This summer Mary Baldwin University sophomores Mawa Ali and Jasmine Greinke attended the Sullivan Social Entrepreneurship Institute — a three-week, intensive study of social entrepreneurship to create social change. This year’s program was held at Sewanee, The University of the South, in Tennessee and was sponsored by the Algernon Sydney Sullivan Foundation.
By studying principles of social entrepreneurship, Ali and Greinke developed skills that will equip them to become agents of social change. They hope to use innovative, entrepreneurial ideas to solve chronic, social problems. Many regard social entrepreneurship as the new hope for alleviating seemingly permanent social ills because it has successfully prompted changemaking around the world.

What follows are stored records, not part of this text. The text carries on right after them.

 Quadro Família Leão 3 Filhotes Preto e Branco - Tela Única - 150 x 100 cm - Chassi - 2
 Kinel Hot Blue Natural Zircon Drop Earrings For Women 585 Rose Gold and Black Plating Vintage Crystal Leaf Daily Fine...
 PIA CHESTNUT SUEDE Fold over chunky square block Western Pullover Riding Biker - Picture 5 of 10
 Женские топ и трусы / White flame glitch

“I’m glad I came to this course to learn about the ways we can help others through various programs and how to make these programs sustainable in the long run,” Greinke said. “With programs such as this, making social programs more sustainable for a better future is a more realistic goal. I plan to use the resources given to me to help others when I go back to school.”

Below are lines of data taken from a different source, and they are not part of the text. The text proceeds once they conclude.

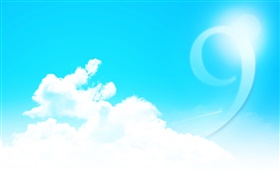 Windows 9 logo, clouds, sky HD wallpaper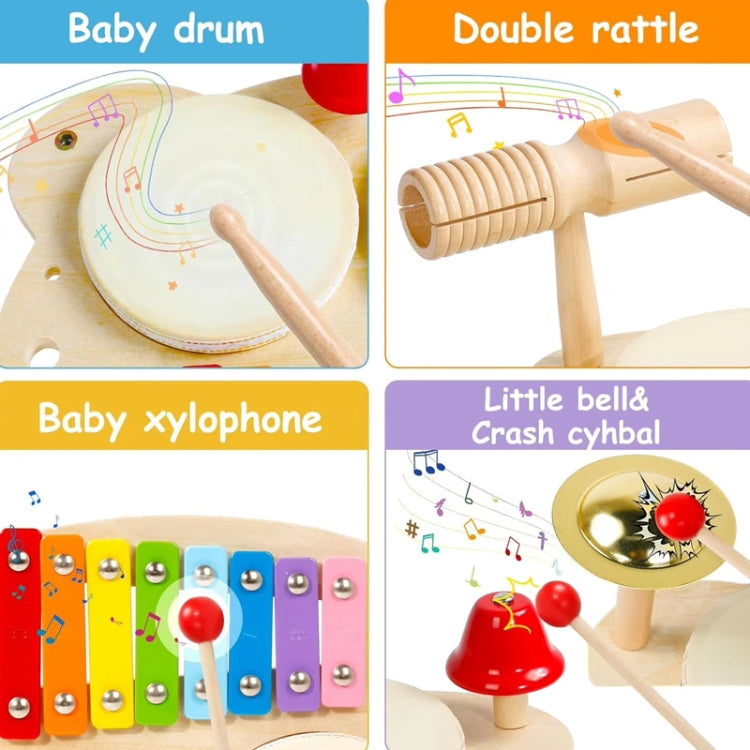 Children Wooden Desktop Music Percussion Toy Baby Early Learning Drum Enlightenment Toy, Style: Multi-function Percussion Table
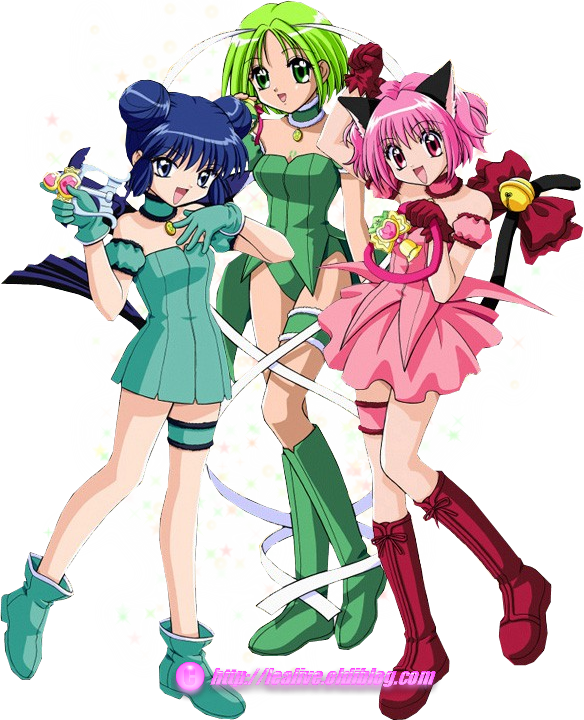 アニメ風魔法少女たちのグループポーズ 壁紙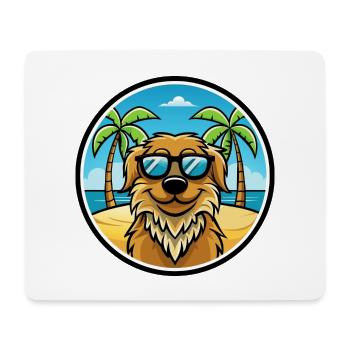 Friesische Wasserhundrasse Cartoon Sonnenbrille Strand - Mousepad (Querformat) - Weiß - Vorne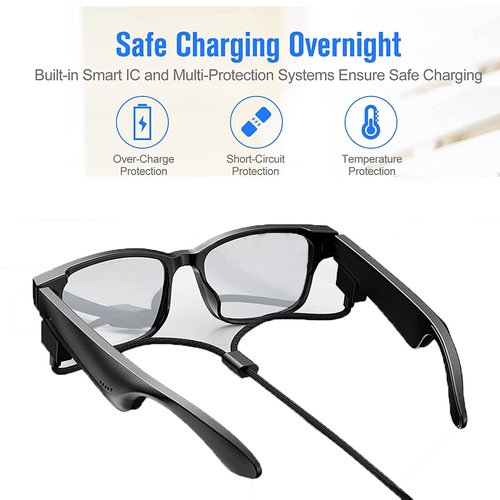 Compatible with BLESSOURCE Smart Glasses Charger, Magnetic Replacement Charger Compatible for BLESSOURCE E13 Smart Glasses (Black)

Students visited organizations devoted to social change and developed social business plans for a number of local partner organizations that work to alleviate poverty in Grundy and Franklin counties in middle Tennessee. One community partner organization was Blue Monarch, a rehabilitation program and work ethics course for battered women.
“It was incredibly exciting and refreshing to see such raw enthusiasm from the students of the Social Entrepreneurship Summer Institute,” said Susan Binkley, executive director of Blue Monarch. “Each student seemed to be hungry for knowledge and absorbed information with great optimism for the future. I only wish I could fast forward a few years and see what amazing projects they have developed by then.”
The Sullivan Foundation, which sponsors the program, was created in 1930 to honor young men and women who demonstrate remarkable integrity and commitment to service. Each year during Commencement, Mary Baldwin presents the Algernon Sydney Sullivan award to a graduating senior and a deserving non-student who most fully embody these principles of unselfish service and noble character.